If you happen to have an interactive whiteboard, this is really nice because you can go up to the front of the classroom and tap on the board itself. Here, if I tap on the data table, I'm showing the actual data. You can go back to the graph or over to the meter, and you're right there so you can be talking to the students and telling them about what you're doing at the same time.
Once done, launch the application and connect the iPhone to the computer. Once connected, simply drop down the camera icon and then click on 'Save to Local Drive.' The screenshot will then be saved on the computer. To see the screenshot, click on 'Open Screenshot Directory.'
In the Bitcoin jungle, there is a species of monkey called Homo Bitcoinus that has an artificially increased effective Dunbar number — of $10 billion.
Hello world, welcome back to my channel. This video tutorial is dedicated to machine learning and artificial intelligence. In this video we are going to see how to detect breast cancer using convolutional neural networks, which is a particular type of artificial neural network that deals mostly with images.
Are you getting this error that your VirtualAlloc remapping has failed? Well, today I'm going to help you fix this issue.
========================================================================
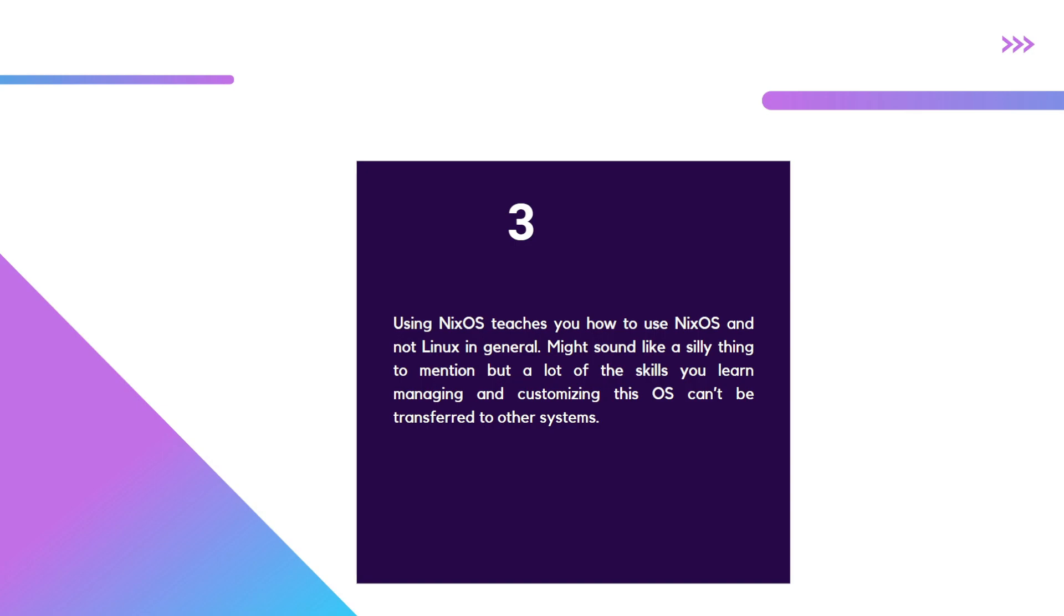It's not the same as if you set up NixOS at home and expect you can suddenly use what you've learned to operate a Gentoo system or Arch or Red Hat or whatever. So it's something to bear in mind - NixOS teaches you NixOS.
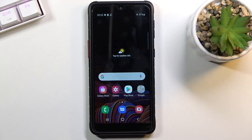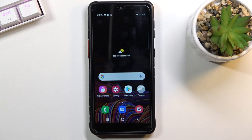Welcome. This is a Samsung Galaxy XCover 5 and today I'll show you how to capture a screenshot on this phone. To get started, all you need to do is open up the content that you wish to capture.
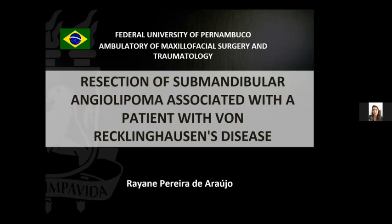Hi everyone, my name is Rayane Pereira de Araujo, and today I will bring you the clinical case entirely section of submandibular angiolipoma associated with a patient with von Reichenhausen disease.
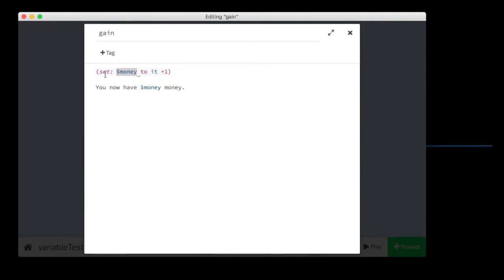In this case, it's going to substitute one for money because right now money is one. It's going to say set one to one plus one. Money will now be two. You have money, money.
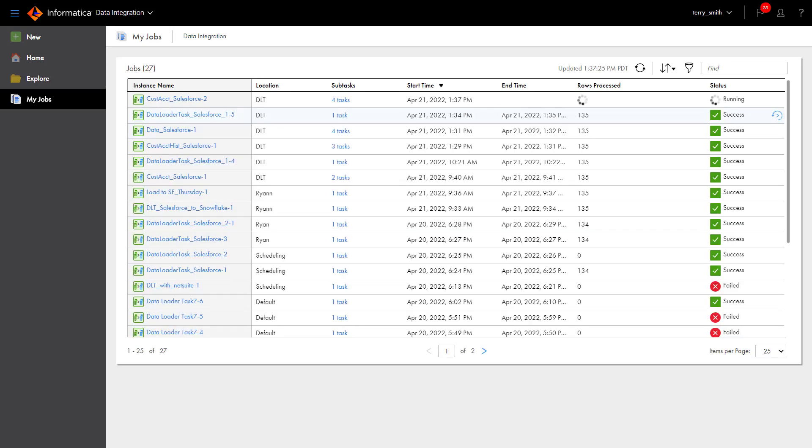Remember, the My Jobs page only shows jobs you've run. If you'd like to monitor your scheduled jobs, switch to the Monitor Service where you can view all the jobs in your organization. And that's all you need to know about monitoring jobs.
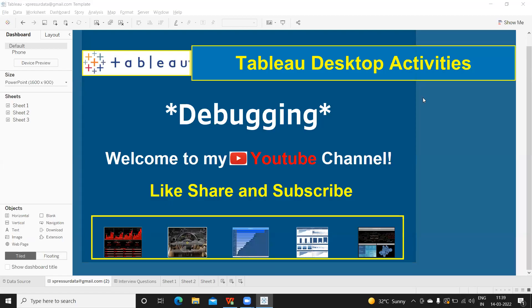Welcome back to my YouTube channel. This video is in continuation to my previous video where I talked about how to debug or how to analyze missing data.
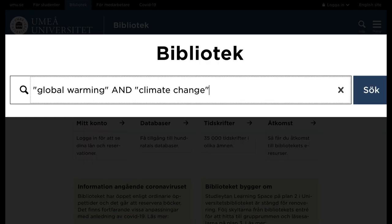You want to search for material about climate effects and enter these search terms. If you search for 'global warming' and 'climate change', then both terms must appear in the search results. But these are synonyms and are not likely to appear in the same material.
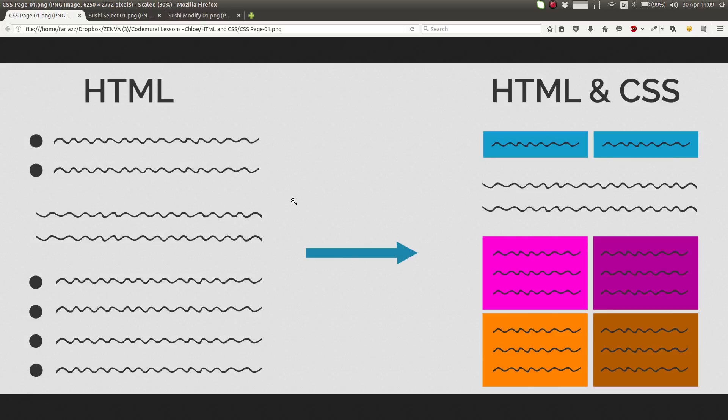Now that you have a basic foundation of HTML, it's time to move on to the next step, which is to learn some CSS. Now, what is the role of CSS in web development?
========================================================================
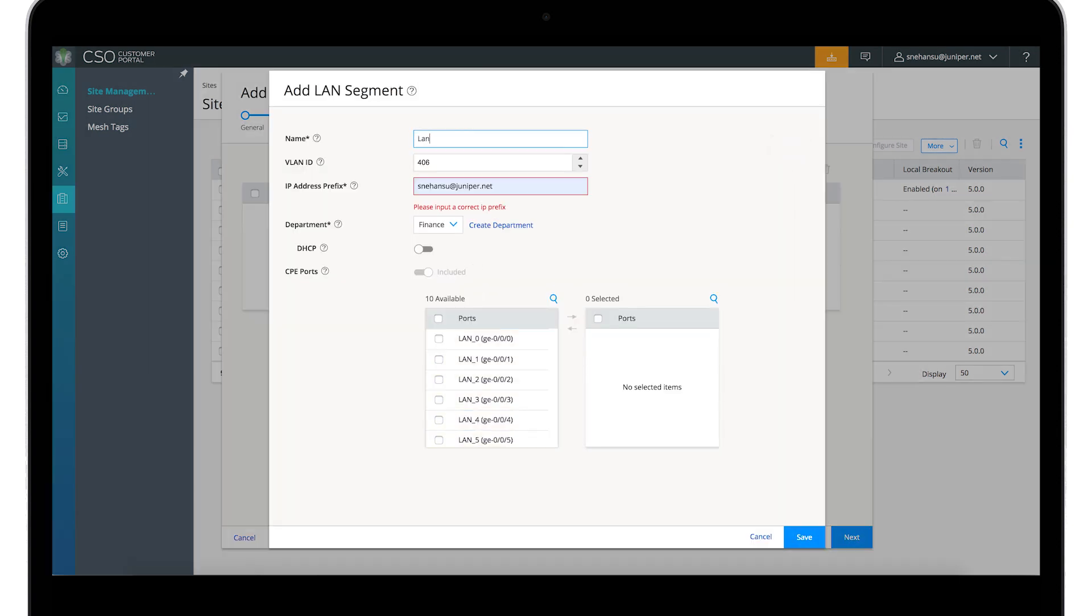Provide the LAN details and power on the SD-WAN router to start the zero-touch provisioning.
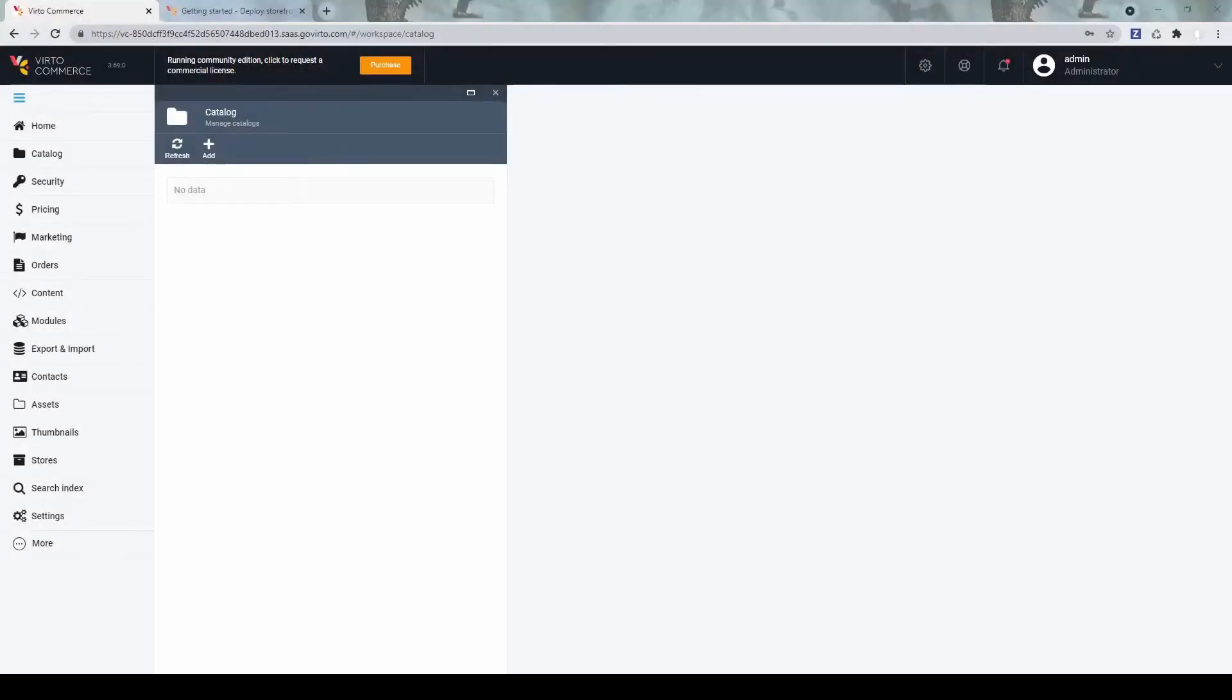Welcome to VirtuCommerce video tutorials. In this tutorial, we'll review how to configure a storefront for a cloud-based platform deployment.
========================================================================
- Work item -
Leaving out all pictures, set down exactly the lines of the material above, from the line with "In this case, it's" to the line with "Now that you" inclusive, and no others.

- Finished task -
In this case, it's going to substitute one for money because right now money is one. It's going to say set one to one plus one. Money will now be two. You have money, money.
Remember, the My Jobs page only shows jobs you've run. If you'd like to monitor your scheduled jobs, switch to the Monitor Service where you can view all the jobs in your organization. And that's all you need to know about monitoring jobs.
Welcome back to my YouTube channel. This video is in continuation to my previous video where I talked about how to debug or how to analyze missing data.
You want to search for material about climate effects and enter these search terms. If you search for 'global warming' and 'climate change', then both terms must appear in the search results. But these are synonyms and are not likely to appear in the same material.
Now that you have a basic foundation of HTML, it's time to move on to the next step, which is to learn some CSS. Now, what is the role of CSS in web development?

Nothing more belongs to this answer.